About The Kaʻū Calendar

Ka`u, Hawai`i, United States
A locally owned and run community newspaper (www.kaucalendar.com) distributed in print to all Ka`u District residents of Ocean View, Na`alehu, Pahala, Hawai`i Volcanoes National Park, Volcano Village and Miloli`i on the Big Island of Hawai`i. This blog is where you can catch up on what's happening daily with our news briefs. This blog is provided by The Ka`u Calendar Newspaper (kaucalendar.com), Pahala Plantation Cottages (pahalaplantationcottages.com), Local Productions, Inc. and the Edmund C. Olson Trust.

Tuesday, June 7, 2016

Ka`u Calendar News Briefs Tuesday, June 7, 2016

Scientists discovered the largest sponge known in the world at Papahanaumokuakea Marine National Monument.

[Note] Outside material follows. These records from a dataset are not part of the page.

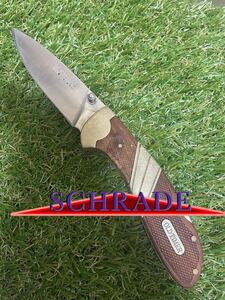 SCHRADE #001 Old Timer シュレード フォールディングナイフ 折りたたみナイフ
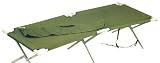 G.I. Type Olive Drab Aluminum Folding Cot by Rothco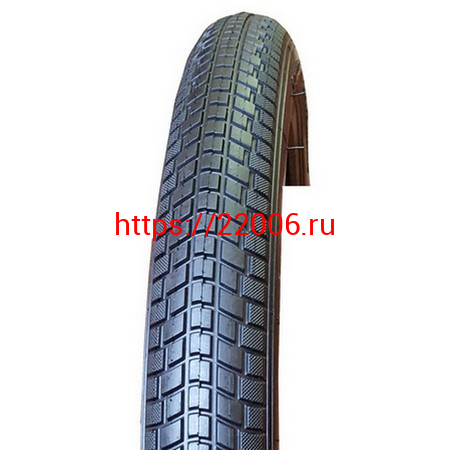 Велопокрышка 54-406 Л-382 (20*2.125) Велопокрышка 54-406 Л-382 (20*2.125)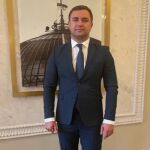 El funcionario ucraniano asesinado Oleksiyu Kovalyov en la región de Jersón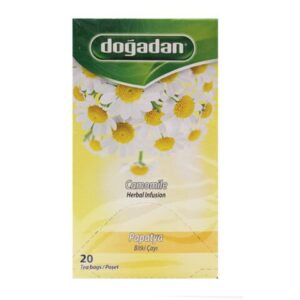 Dogadan Chamomile Herbal Tea – 20tea bags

See more below. Photo from NOAA Office of Exploration and Research/Hohonu Moana 2015
 THE RECORD OF DECISION APPROVING Hawai`i Volcanoes National Park’s Abbreviated Final General Management Plan/Wilderness Study/Environmental Impact Statement was signed into approval on May 24, the park announced today. The plan provides long-term management guidance about the preservation and use of the national treasure, UNESCO World Heritage Site and International Biosphere Reserve.
      “Having a comprehensive plan to guide management decisions as we enter our next 100 years is an important step in protecting Hawai`i Volcanoes National Park for future generations,” said Park Superintendent Cindy Orlando.  While work may start on some plan elements, Orlando said implementing the plan will not happen all at once. “It’s likely to take many years, as funds and resources become available,” she said.

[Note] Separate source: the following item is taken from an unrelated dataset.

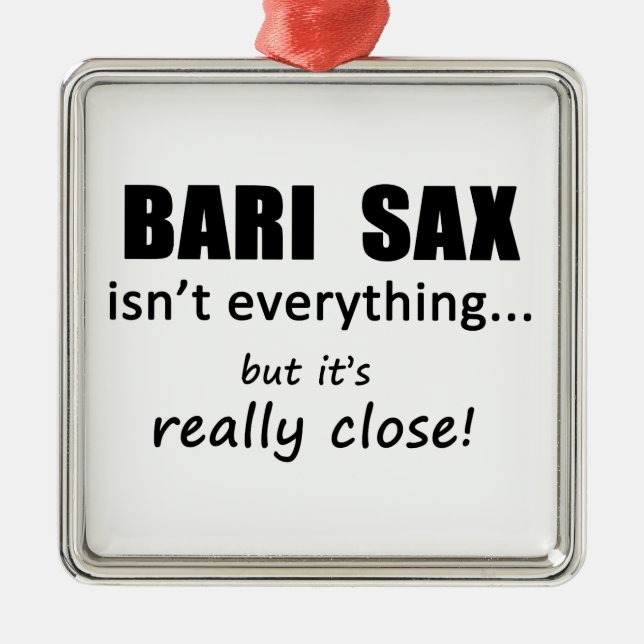 Adorno Metálico Bari Sax no es todo (Frente)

Hawai`i Volcanes National park's management plan, wilderness
study and environmental impact statement has been approved.
Photo from National Park Service
     Over the past several years, many people have participated in the planning process through public meetings and formal comments received via mail, comment forms and website forums. The National Park Service released the Draft GMP/WS/EIS in May 2015 and the Abbreviated Final GMP/WS/EIS in March 2016. The approved plan is identified as the “selected action” in the ROD and as the “NPS preferred alternative” in the Final GMP/WS/EIS. The ROD includes a description of the selected action, synopses of other alternatives considered, the basis for the decision, a description of the environmentally preferable alternative, a summary description of measures designed to minimize environmental harm and an overview of public involvement in the decision-making process.

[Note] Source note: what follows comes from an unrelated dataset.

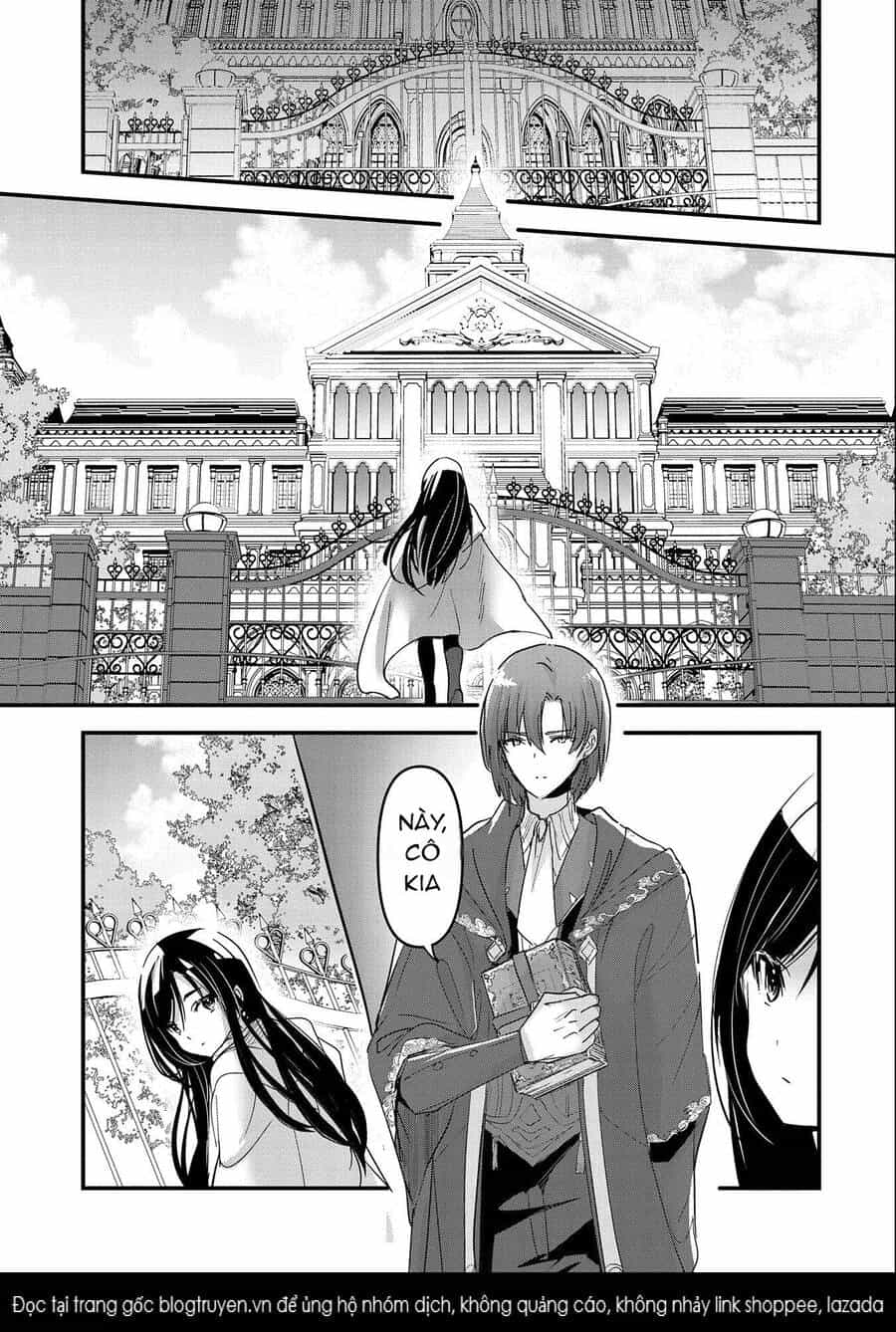 Isekai Teni Shite Kyoushi Ni Natta Ga, Majo To Osorerareteiru Ken ~Aoi-Sensei No Gakuen Funtou Nisshi~ - Chương 1 - ảnh 31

      “Having a comprehensive plan to guide management decisions as we enter our next 100 years is an important step in protecting Hawai`i Volcanoes National Park for future generations,” said Park Superintendent Cindy Orlando.
      While work may start on some plan elements, Orlando said implementing the plan will not happen all at once. “It’s likely to take many years, as funds and resources become available,” she said.
      The Record of Decision and related General Management Plan documents can be viewed at http://parkplanning.nps.gov/havogmp.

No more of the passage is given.